There is a bi-directional graph with n vertices, where each vertex is labeled from 0 to n - 1 (inclusive). The edges in the graph are represented as a 2D integer array edges, where each edges[i] = [ui, vi] denotes a bi-directional edge between vertex ui and vertex vi.

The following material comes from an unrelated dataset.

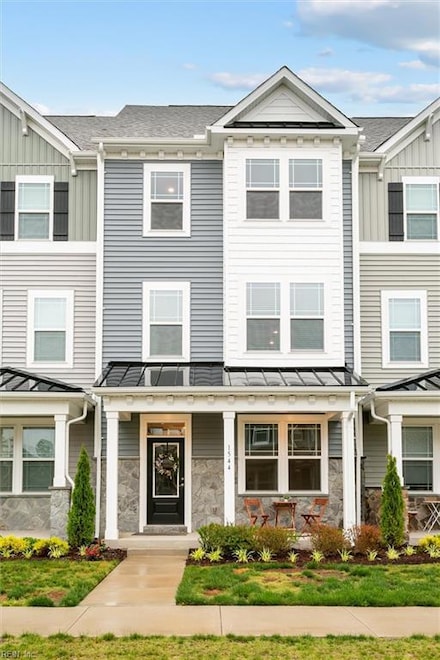 1544 Stanford Ln, Newport News, VA 23608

Every vertex pair is connected by at most one edge, and no vertex has an edge to itself.
You want to determine if there is a valid path that exists from vertex source to vertex destination.
Given edges and the integers n, source, and destination, return true if there is a valid path from source to destination, or false otherwise.
- Basic DFS with stack
class Solution {
public:
bool validPath(int n, vector<vector<int>>& edges, int source, int destination)
{
vector<vector<int>> adj_list(n);
for (auto& edge : edges) {
adj_list[edge[0]].push_back(edge[1]);
adj_list[edge[1]].push_back(edge[0]);
}
stack<int> st;
st.push(source);
vector<bool> visited(n, false);
while (!st.empty()) {
int curr = st.top();
st.pop();
if (curr == destination) {
return true;
}
for (auto& next : adj_list[curr]) {
if (!visited[next]) {
visited[next] = true;
st.push(next);
}
}
}
return false;
}
};- If path exist between 2 nodes then they are in same component.

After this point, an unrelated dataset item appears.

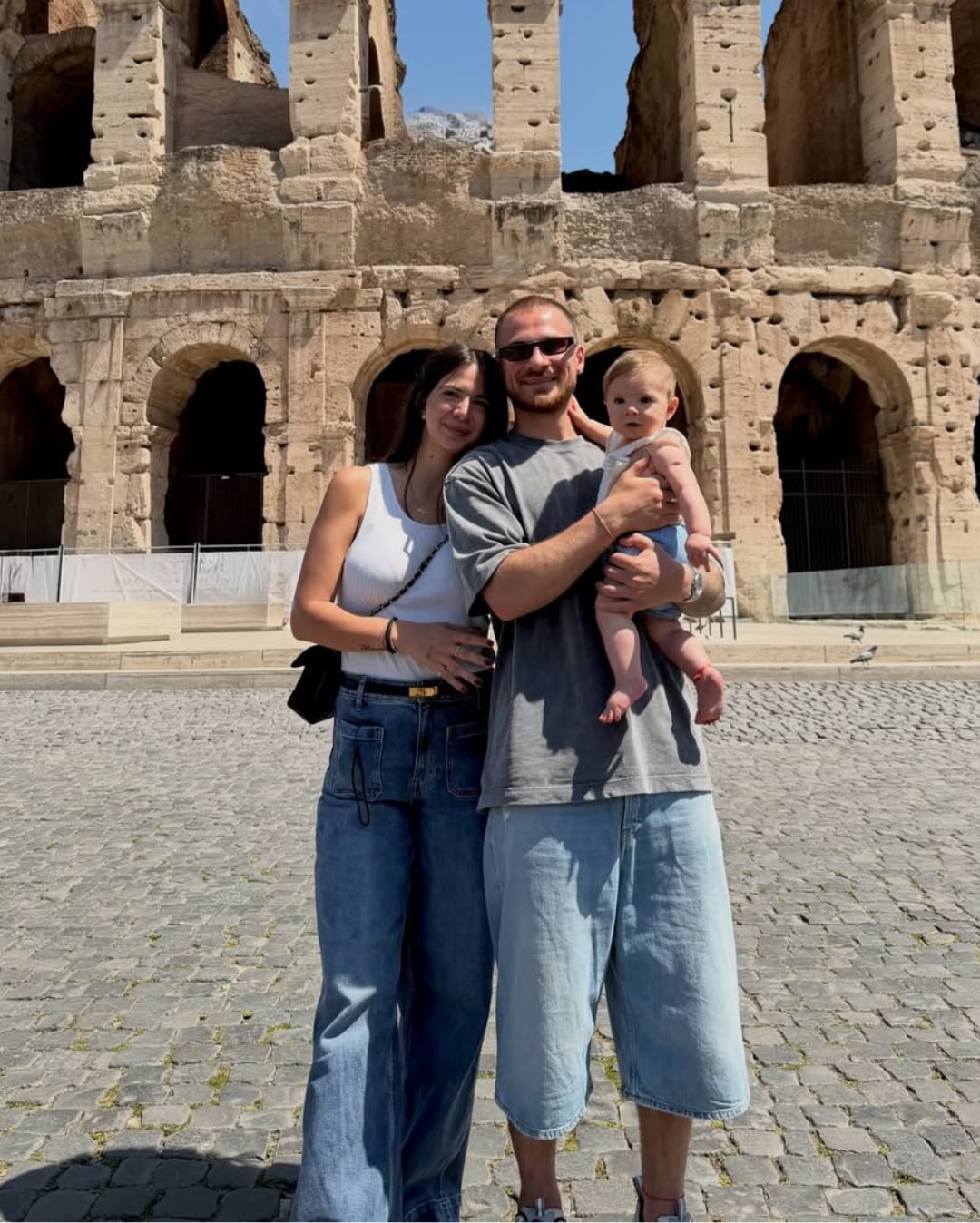 Ailén Cova y Alexis Mac Allister son padres de Alaia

- We can use UnionFind to know if source and destination are in same component.
class UnionFind {
private:
int* parent;
int* nodeRank;
int n;
int connectedCount;
public:
// TC: O(N)
UnionFind(int sz)
{
this->n = sz;
this->connectedCount = sz;
parent = new int[n + 1];
nodeRank = new int[n + 1];
for (int i = 0; i <= n; i++) {
parent[i] = i;
nodeRank[i] = 0;
}
}
// TC: O(1) amortized
int findParent(int node)
{
if (node == parent[node])
return node;
return parent[node] = findParent(parent[node]); // path compression
}
// TC: O(1) amortized
void unionSet(int u, int v)
{
u = findParent(u);
v = findParent(v);
// union by rank
if (u != v) {
if (nodeRank[u] < nodeRank[v])
parent[u] = v;
else if (nodeRank[u] > nodeRank[v])
parent[v] = u;
else {
parent[v] = u; // join to anyone
nodeRank[u]++; // increase rank(level)
}
connectedCount--;
}
}
// TC: O(1) amortized
bool connected(int u, int v)
{
return findParent(u) == findParent(v);
}
// TC: O(1)
int getConnectedCount()
{
return connectedCount;
}
};
class Solution {
public:
bool validPath(int n, vector<vector<int>>& edges, int source, int destination)
{
UnionFind uf(n);
for (auto& edge : edges) {
uf.unionSet(edge[0], edge[1]);
}
return uf.connected(source, destination);
}
};